Um Rio Chamado Tempo, Uma Casa Chamada Terra (Caminho, 2002), romance de Mia Couto, editado este mês em Inglaterra pela Serpent's Tail (A River Called Time), merece elogios no The Independent de hoje. «It shares, with the best fiction, mystery and revelation. A River Called Time transports the reader to an island in which past, present and future co-exist, and the dead retain a vociferous presence», escreve Amanda Hopkinson.
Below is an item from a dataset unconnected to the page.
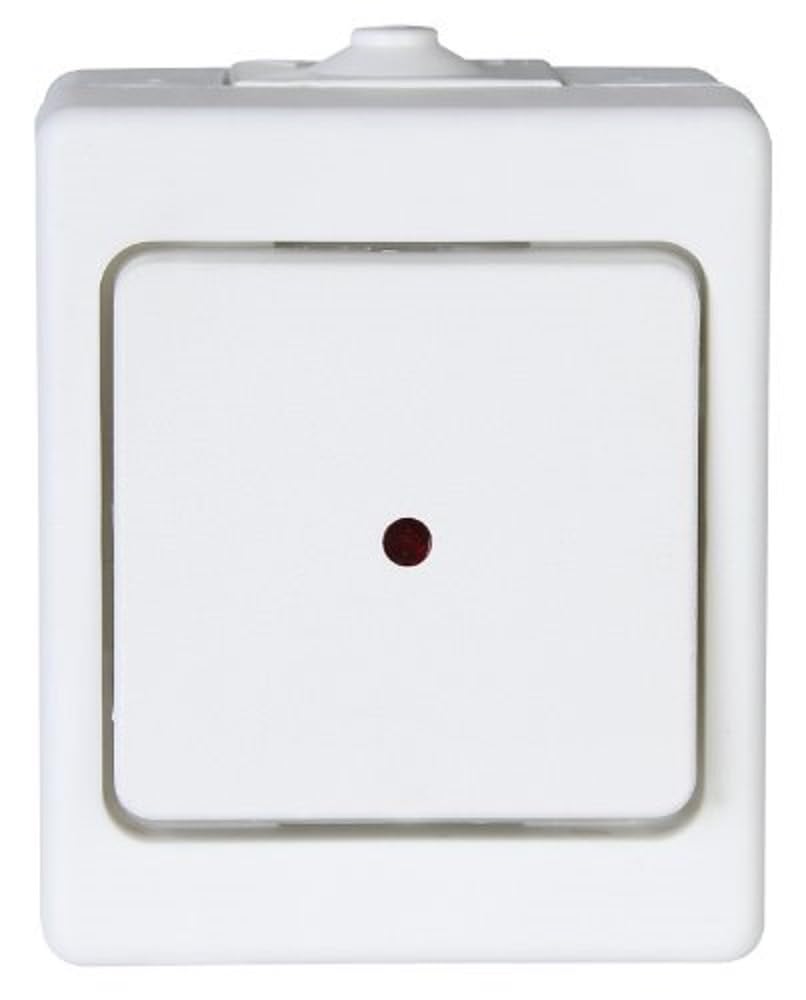Kopp 564602001 Surface-Mounted Control Switch for Damp Locations with Lens and Installed Glow Lamp IP44 Standard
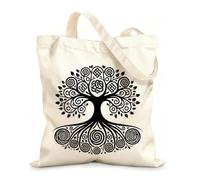 AILOONG celtic tree of life clipart beautiful celtic tree silhouette Flat Tape Handle Tote Bag 12 oz thick fabric Replaces school bag 25x30cm Small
Duas reedições da Dom Quixote marcadas para Agosto: Os Três Seios de Novélia, romance de Manuel da Silva Ramos, publicado em 1968, quando o autor tinha apenas 20 anos; e Os Nus e os Mortos, de Norman Mailer, ficção baseada na experiência do escritor como militar nas Filipinas, durante a II Guerra Mundial (prefácio de José Cardoso Pires).
«After JK Rowling, I guess I'm the biggest literary turn from the UK.» Salman Rushdie ao The Guardian, depois de saber que o seu livro Os Filhos da Meia-Noite (editado em Portugal pela Dom Quixote) fora escolhido como o melhor Booker de sempre.
A partir do dia 15 de Julho, Oficina do Livro, Teorema e Casa das Letras são oficialmente editoras do grupo Leya. De acordo com o Jornal de Negócios, os valores da compra não foram revelados, mas a Explorer Investments «registou uma facturação de 13 milhões de euros em 2007 e conta com uma carteira de autores onde estão nomes como Miguel Sousa Tavares e Margarida Rebelo Pinto».
«Farei tudo o que estiver ao meu alcance para trazer este espólio para a Biblioteca Nacional para que seja digitalizado e fique ao alcance de todos os portugueses.» Frase do ministro da Cultura, José António Pinto Ribeiro, no final da sessão sobre Jorge de Sena (1919-1978), organizada pela Fundação José Saramago, que decorreu ontem no Teatro Nacional de São Carlos, em Lisboa.